In Germany many insiders consider Enderle & Moll the country’s single greatest producer of Pinot Noir. That’s a wild claim to be sure, but then you taste the wines and you think to yourself, “…yeah, alright, well maybe…”

The wines are that compelling.

What you can say with certainty is Sven Enderle and Florian Moll fly in the face of just about every conventional estate in Baden. It’s hard to emphasize how contrarian (and even confrontational) their vineyard and cellar work appears to the powerful coops of the region, to say nothing of the “famous” estates who still seem to pursue efficiency, ripeness, size, alcohol and, yes, new oak, with abandon.

Sven and Florian work with very old vines. In fact their vines are among the oldest Pinot Noir vines in Baden. They farm all the vineyards organically and biodynamically. Absolutely everything is done by hand in the vineyards (which are quite steep) and in the cellar.

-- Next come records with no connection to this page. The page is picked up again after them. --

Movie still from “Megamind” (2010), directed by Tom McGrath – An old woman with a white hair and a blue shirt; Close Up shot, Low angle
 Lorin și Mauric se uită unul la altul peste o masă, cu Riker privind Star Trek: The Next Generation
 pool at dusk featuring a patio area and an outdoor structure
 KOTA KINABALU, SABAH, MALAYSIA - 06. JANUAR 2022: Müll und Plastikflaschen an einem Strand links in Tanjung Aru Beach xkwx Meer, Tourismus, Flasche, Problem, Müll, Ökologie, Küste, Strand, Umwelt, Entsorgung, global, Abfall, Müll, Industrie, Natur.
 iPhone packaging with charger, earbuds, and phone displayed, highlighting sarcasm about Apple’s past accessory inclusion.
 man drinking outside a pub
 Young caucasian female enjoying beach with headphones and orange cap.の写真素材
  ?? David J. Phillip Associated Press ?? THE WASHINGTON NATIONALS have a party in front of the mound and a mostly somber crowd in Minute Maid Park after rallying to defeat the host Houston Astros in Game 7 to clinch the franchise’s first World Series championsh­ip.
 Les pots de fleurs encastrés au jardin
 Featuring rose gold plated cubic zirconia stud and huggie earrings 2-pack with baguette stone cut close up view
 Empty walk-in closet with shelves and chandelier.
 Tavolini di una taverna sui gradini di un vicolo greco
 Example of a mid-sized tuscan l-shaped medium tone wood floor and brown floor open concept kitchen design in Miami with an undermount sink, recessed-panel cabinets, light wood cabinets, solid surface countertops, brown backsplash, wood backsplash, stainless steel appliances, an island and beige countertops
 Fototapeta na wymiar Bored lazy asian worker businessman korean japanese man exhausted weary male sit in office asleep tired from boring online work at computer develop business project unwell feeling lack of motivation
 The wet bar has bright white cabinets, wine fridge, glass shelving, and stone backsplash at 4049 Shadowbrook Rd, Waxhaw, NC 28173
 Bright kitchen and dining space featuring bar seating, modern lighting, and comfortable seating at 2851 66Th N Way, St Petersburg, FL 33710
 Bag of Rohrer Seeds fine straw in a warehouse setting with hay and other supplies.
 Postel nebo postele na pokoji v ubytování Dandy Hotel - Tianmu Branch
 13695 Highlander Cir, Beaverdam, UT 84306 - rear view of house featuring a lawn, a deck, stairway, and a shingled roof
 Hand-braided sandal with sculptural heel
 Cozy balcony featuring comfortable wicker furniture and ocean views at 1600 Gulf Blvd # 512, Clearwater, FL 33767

They have a direct line on barrels from Domaine Dujac – the barrels range from one to over five years of age. The wines are bottled unfined and unfiltered.

The Pinot Noirs are masculine, broad-shouldered, powerful in a sneaky sort of way. Yet they are also wildly detailed, bright, energetic, ethereal, satiny. Thus the mystery, the beauty and yes, all the damn fuss. At this point it’s said so often it’s beyond trite, but here we go: If you appreciate Burgundy these wines are worth checking out. Not because they taste like Burgundy, they don’t, but because they share a similar aesthetic of lightness matched to intensity, filtered through soil.

Two “Grand Crus” are bottled: a wine from limestone called “Muschelkalk” and a bottling from colored sandstone called “Buntsandstein.” The “Liaison,” a sort of middle-wine-premier-cru-style, is a blend from younger vines in the Grand Cru sites. “Young,” it should be said, at around 45 years of age, which the French will often call “vieilles vignes.” The “Basis” is from the youngest vines, around 30 years old.

While the red wines have established the reputation of the estate, the white wines are getting better and better every year. The white wines are textural and complicated, yet also elegant… balanced, in perfect harmony and arising from such unexpected grapes as Müller-Thurgau, Auxerrois, Weissburgunder and Grauburgunder. The rosé is a tour-de-force wine in the wild manner of the wines of, say, Clos Cibonne or even a Valentini.